WHAT YOU HAVE TO DO:
The expected output is the full set of entries, retyped verbatim, pictures excluded.

Image-caption web data:
>>>>>

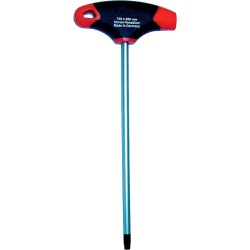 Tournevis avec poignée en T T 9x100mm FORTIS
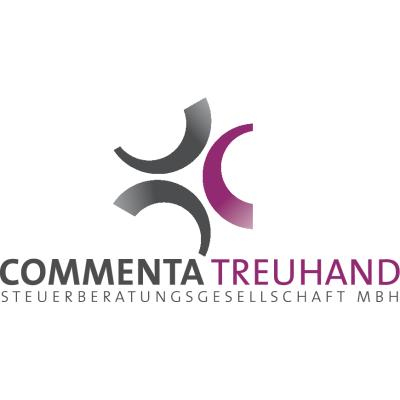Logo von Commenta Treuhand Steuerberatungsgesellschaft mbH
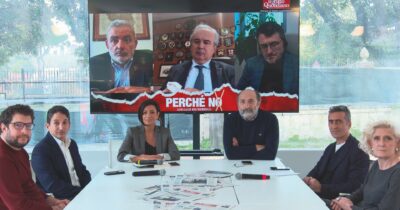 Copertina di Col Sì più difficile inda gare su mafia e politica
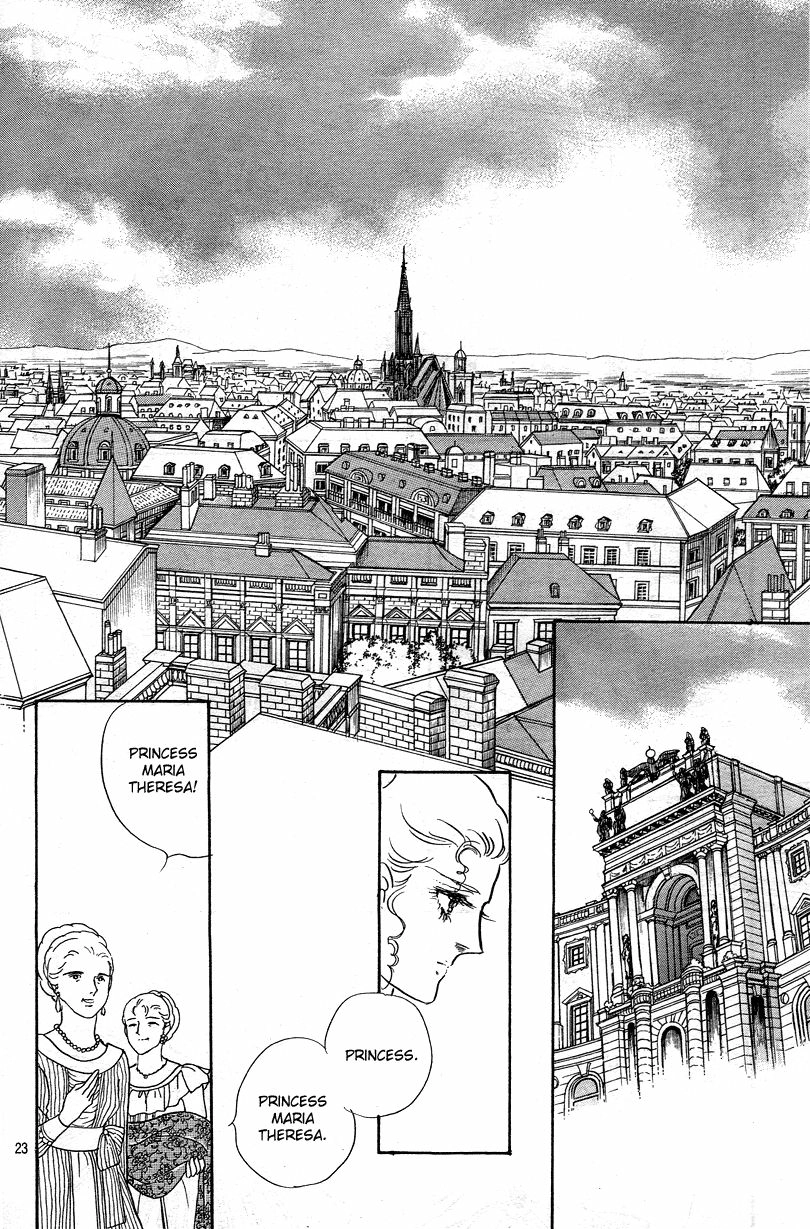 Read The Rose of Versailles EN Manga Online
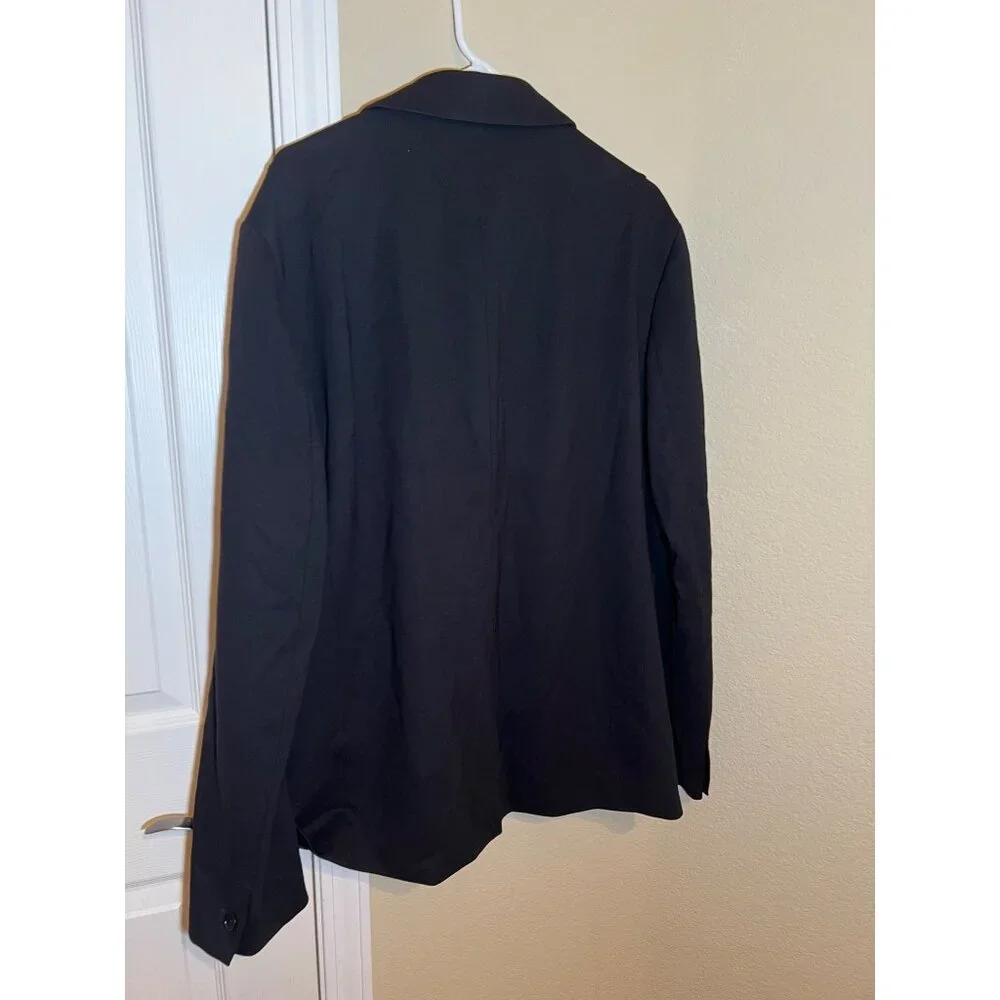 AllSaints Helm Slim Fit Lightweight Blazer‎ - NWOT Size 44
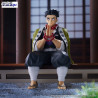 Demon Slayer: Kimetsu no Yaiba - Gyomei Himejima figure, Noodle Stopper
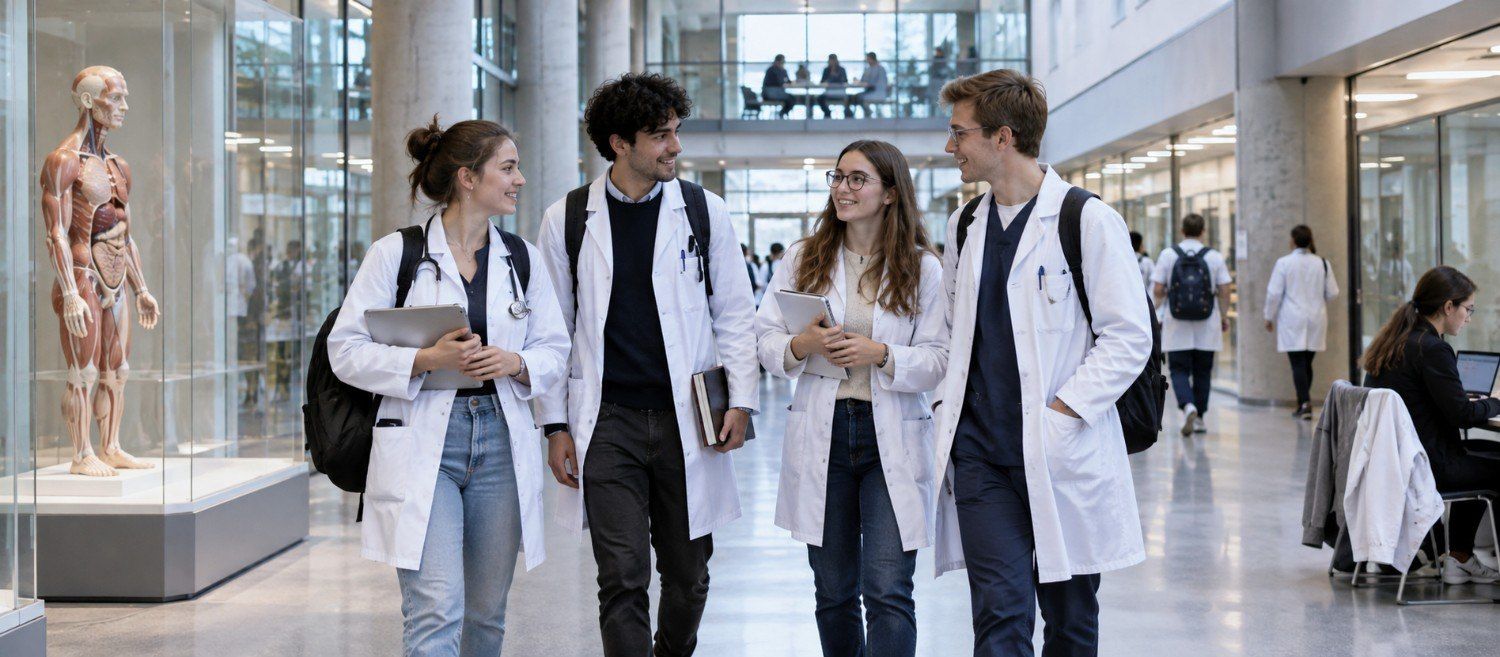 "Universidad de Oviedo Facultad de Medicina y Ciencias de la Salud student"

<<<<<

YOUR RESPONSE:
 Tournevis avec poignée en T T 9x100mm FORTIS
Logo von Commenta Treuhand Steuerberatungsgesellschaft mbH
 Copertina di Col Sì più difficile inda gare su mafia e politica
 Read The Rose of Versailles EN Manga Online
 AllSaints Helm Slim Fit Lightweight Blazer‎ - NWOT Size 44
 Demon Slayer: Kimetsu no Yaiba - Gyomei Himejima figure, Noodle Stopper
 "Universidad de Oviedo Facultad de Medicina y Ciencias de la Salud student"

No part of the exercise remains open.